Short web captions:
____

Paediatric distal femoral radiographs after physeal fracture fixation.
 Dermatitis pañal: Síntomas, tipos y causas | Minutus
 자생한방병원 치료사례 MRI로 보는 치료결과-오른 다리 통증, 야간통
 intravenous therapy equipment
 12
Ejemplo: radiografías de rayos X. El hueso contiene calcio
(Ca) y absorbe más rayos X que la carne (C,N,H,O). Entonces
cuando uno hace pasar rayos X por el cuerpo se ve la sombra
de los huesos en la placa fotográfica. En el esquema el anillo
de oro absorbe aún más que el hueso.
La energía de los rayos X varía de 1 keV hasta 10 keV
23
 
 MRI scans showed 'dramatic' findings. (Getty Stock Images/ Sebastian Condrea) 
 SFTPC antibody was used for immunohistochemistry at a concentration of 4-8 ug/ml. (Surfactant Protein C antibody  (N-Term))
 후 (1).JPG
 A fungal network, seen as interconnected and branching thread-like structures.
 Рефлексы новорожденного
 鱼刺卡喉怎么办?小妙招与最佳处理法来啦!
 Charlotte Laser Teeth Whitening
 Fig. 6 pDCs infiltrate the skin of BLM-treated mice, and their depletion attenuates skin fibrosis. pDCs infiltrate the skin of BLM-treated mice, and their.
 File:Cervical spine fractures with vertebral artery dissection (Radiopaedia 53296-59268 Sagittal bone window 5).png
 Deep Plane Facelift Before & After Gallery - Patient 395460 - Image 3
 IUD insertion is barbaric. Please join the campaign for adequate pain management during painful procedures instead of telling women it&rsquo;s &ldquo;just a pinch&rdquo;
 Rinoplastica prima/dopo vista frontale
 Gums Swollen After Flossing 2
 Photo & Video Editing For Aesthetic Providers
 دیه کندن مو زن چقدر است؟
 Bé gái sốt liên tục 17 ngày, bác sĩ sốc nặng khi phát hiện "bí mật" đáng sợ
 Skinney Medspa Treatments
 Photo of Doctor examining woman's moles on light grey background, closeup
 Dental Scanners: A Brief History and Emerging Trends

____

What you need to do >> Your response must be one number, namely how many lines of the data contain the string "Photo".

Expected answer >> 2